東西の電気周波数 統一ならコスト10兆円

3/7日経 「東西の電気周波数 統一ならコスト10兆円」

記事の要約:
経産省は、電力会社の設備交換だけで10兆円のコストがかかるとする試算をまとめた。さらに需要家側も対応投資が必要であることを指摘している。経産省は「周波数の統一を現実的な選択肢とすることは困難」と評価。東西間の周波数変換設備の増強を電力融通拡大に向けた対応策の柱とする。

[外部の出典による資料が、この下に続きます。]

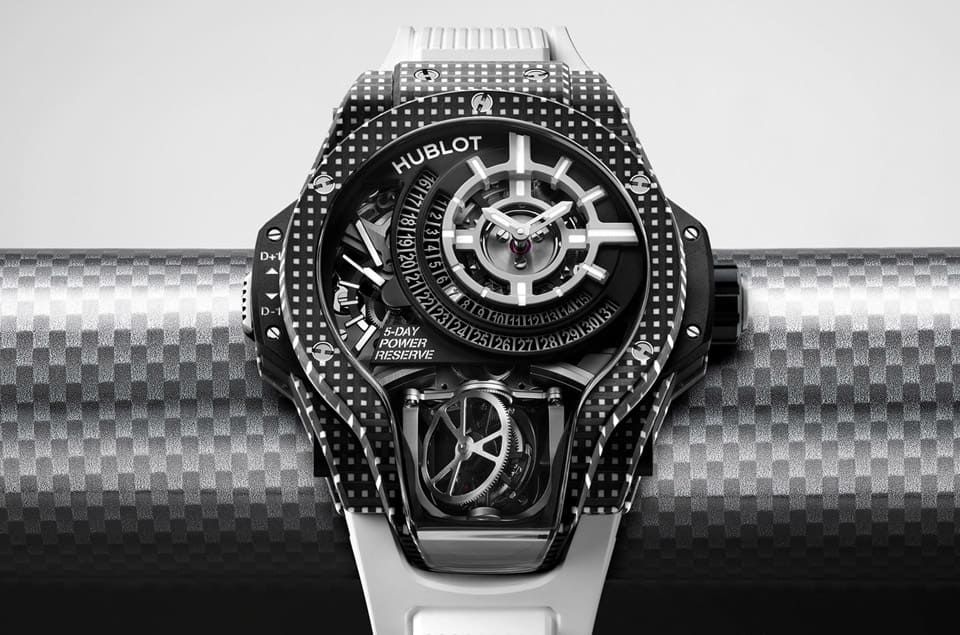 宇舶MP-09雙軸陀飛輪再次結(jié)合3D碳纖維材質(zhì)這次改為耐看好搭的白色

電力の融通に向けた施策であるが、1.東西で電気周波数を統一する、2.周波数変換設備を増強するという二案が示されている。経産省はコスト面から2に軍配を挙げているが、他に考えられる案は、3.周波数変換を行う電力量を発電できる能力を有する発電所を東西にそれぞれ新設するものである。


2のライフサイクルコスト(建設費、運営費、除却費用など全稼動期間中の総コスト)を考慮すると、高くつきそうに見える。というのも、実際にこの設備が稼動するのは、数年に一度であろう。あるいは、幸運にも大震災がなければ一度も使われることがないかもしれない。2によるメリットは、国内の電力設備全体の稼働率が効率化され、効率の悪い設備が廃棄されることであろう。だが設備稼働率が高止まりし原発が動かない現状では、設備削減のインセンティブは働きそうにはない。


3の電力設備を東西にそれぞれ設けるのは、無駄に見えるかもしれない。しかし、最新鋭の効率の高い設備を導入することにより国全体の電力設備の効率性がアップするのである。最新鋭設備をフルに稼動させ、低効率の設備をバックアップ用に残しておくのである。コストは、新設備の建造費と低効率設備の維持費である。これに対し目に見えるメリットは、効率の差による発電コストの低減である。これらを勘案すると、3のほうが安くできそうだ。具体的な数値が出てくれば、その比較を行いたい。


それでも設備費用を抑えて電力料が高くならないようにするのにはどうすればよいか。3/7日経社説「持続可能で透明な再生エネ買い取りに」は「買い取り価格や期間を決める経済産業省の算定委員会が発足し、4月末までに価格などの案を示す」と伝えている。補助金は需要家の電力料に含まれ、電力料を押し上げる。ソロバンをはじけば、再生エネに補助金を出すのは愚の骨頂であり、特に太陽光発電パネルなどは外国メーカーのほうがコスト競争力があるので、国内需要家の購買力が海外に流出するということにもなろう。再生エネに補助金を出す余裕があるのなら、その金を東西に新鋭発電設備を設けるのに使うのが賢明だ。